Para atacar o problema da fome, testemunhamos diariamente políticos prometendo aumentar a produção de alimentos e políticas governamentais de combate a fome que se limitam a subsídios para aumento da produção agrícola. Esta abordagem é equivocada, pois os governos interferem no mercado pelo lado da oferta e se esquecem que precisa haver demanda para a produção, o que depende de poder de compra.
A interferência no mercado pelo lado da oferta se justificaria se houvessem obstáculos à produção. Mas não é esse o caso. O mercado funciona razoavelmente bem na atividade agrícola, pois a produção sempre reage à demanda. Pequenos desajustes são naturais e o próprio mercado trata de solucioná-los. A fome não é provocada por falta de produção, mas sim por falta de poder de compra de uma parcela da população, aquela que está à margem do mercado. A intervenção correta no caso seria no sentido de criar poder de compra e isso está relacionado com geração de emprego e aumento de produtividade.

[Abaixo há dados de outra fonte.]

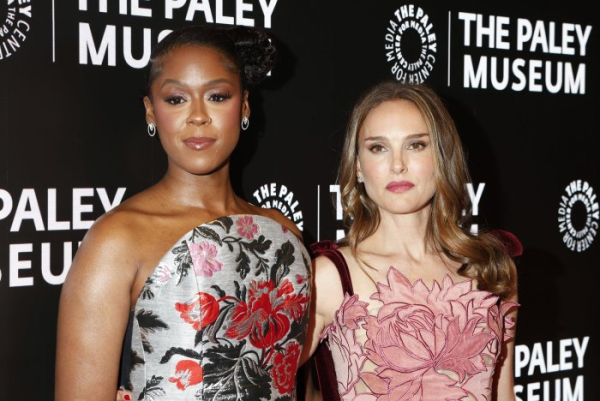 Natalie Portman: 1960s mores keep 'Lady in the Lake' women from intersecting Natalie Portman: 1960s mores keep 'Lady in the Lake' women from intersecting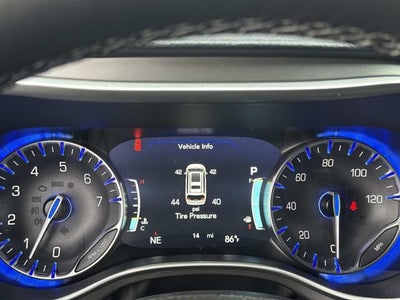 2027 Chrysler Pacifica PACIFICA SELECT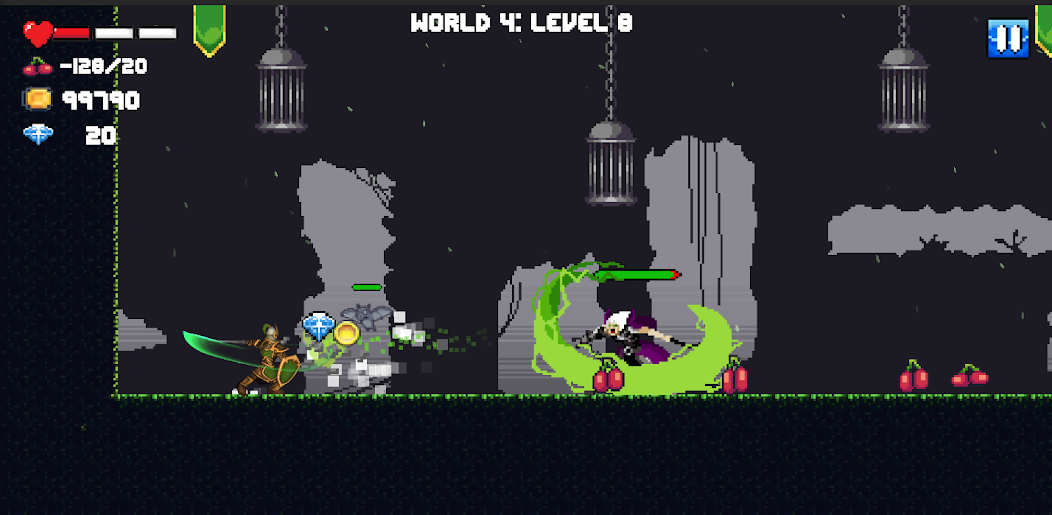 Legend of the Knight Age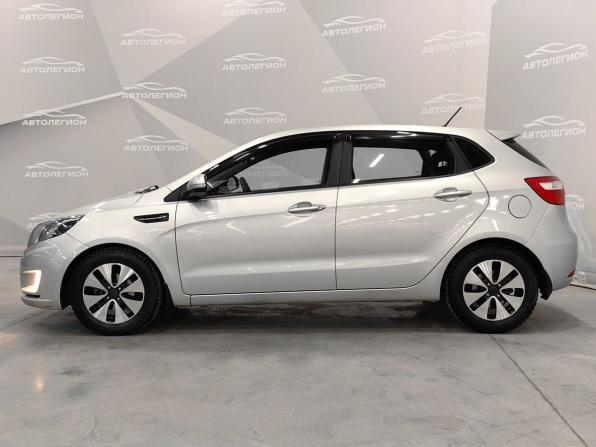 Kia Rio III с пробегом 2013 года, цена 955 000 рублей, 157810 км, хэтчбек, Автокод Объявления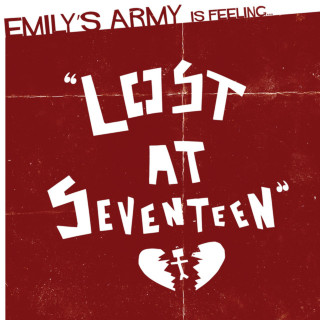 SWMRS - Lost At Seventeen album cover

Quando o governo subsidia a produção, ele aumenta artificialmente a oferta e o excesso de produção acaba apodrecendo, quase que invariavelmente nos armazéns estatais. Existe portanto uma dupla perda: o custo do subsídio e o custo da produção não vendida, sem mencionar o efeito de concentração de renda já que aos subsídios só tem acesso os mais poderosos e os mais organizados.
Uma política de combate à fome deve ficar na tentativa de inserir os pobres no mercado de trabalho, ou de produtos e serviços, o que requer também a redução drástica da carga tributária sobre os salários. Os trabalhadores precisam de treinamento para identificar as oportunidades, de como se organizar, noções básicas de marketing, habilidades técnicas e gerenciais.
Combater a fome através de subsídios à produção de alimentos é o maior desperdício de recursos que se pode ter.